Never claimed you did.
How did evolution get associated with religion in the US?
Fundamentalists have had a problem with it ever since Darwin. Any science that challenges their (narrow, overly literal) understanding of the scriptures is relentlessly attacked, in the political arena. These guys want
everything - the family, the school, the church, the state - under their divine control.
Probably the big turning point was in the 1920s in Tennessee, when the state passed the Butler Act, a law prohibiting any state-funded educational institution from teaching "any theory that denies the Story of the Divine Creation of man as taught in the Bible." This culminated in the Scopes Trial, which sufficiently embarrassed Tennessee to get them to repeal the law (although a subsequent Supreme Court case affirmed that such laws are indeed contraventions of the Establishment Clause).
After that it died down somewhat for a while, with even the Pope coming around to the side of science (sorta), until the current intelligent design movement got up and running. This -
again - represents a systematic, politicized attempt by religious fundamentalists to interfere with science education and policy, at the local, state and national levels. For example, Kansas's removal of evolution and the Big Bang from science cirricula, Georgia's attempt to remove the word "evolution" from the science cirricula, etc. There are church-funded "student clubs" at every major (and most minor) universities in America dedicated to legitimizing intelligent design and other creationist hooplah as legitimate subject material, along with national marketting and outreach organizations to back them (all of it funded by religious fundamentalists).
In my own short sojourn in the states, I have seen the issue hammered in more by atheists than theists.
In my lengthy life in the States, I have never seen the issue "hammered" by anyone other than evangelists.
I do know plenty of scientists and educators (of all faiths) who are sick of having their occupations hammered by ignorant fundamentalists, though.
The entire movement of associating an acceptance of evolution with atheism seems to be pro-active in prominent atheists
There is no such movement - generally the message from the non-fundie side is about how evolution is totally compatible with non-kooky understandings of religion. The only people I've ever heard equate evolution with atheism are the religious fundamentalists trying to outlaw teaching of evolution (and the Big Bang, etc.). What you are doing here is endorsing the framing of the religious fundamentalists: that all those who oppose them are godless heathens. This is the crucial lie, on their end, since most religious people in the US do not share their agenda, and so must be marginalized in order to empower the fundie campaign to speak for "religion."
And there aren't any "prominent atheists" in the US. We have no Dawkins, for example.
Not that the concept of a "movement" being "pro-active in" a person makes the slightest sense in the first place... presumably you meant to refer to people pro-active in the movement?
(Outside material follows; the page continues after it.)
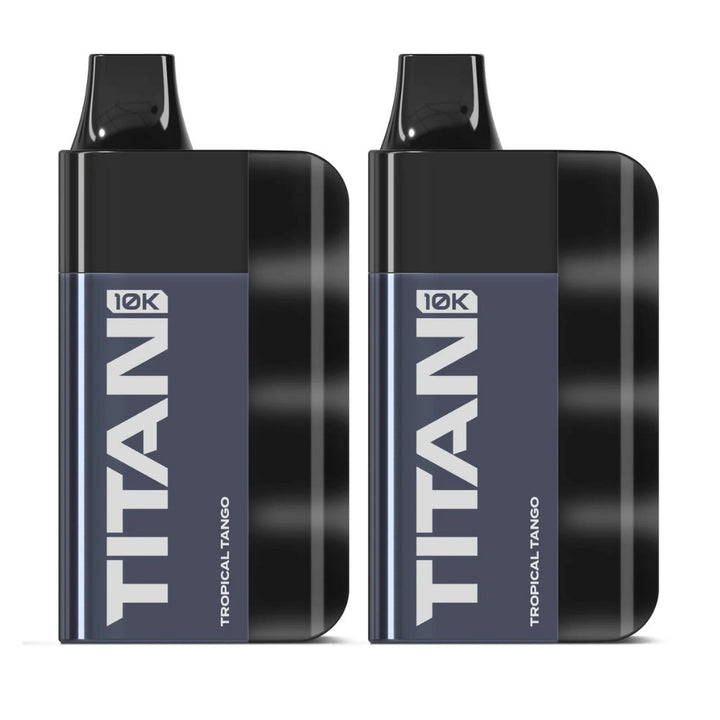 Titan 10K Puffs Disposable Vape Pod Kit #Simbavapes#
Again, however, there is no such "movement." The organized campaign is entirely on the fundie side.
By pointing out that atheists conflating atheism with science is detrimental to science?
No, by evangelizing absurd fundamentalist suppositions like that one. You have yet to produce an example of an atheist conflating atheism with science (or anything else). All you've got so far is one theist (yourself) misconstruing science and insisting that this is somehow a critique of atheism.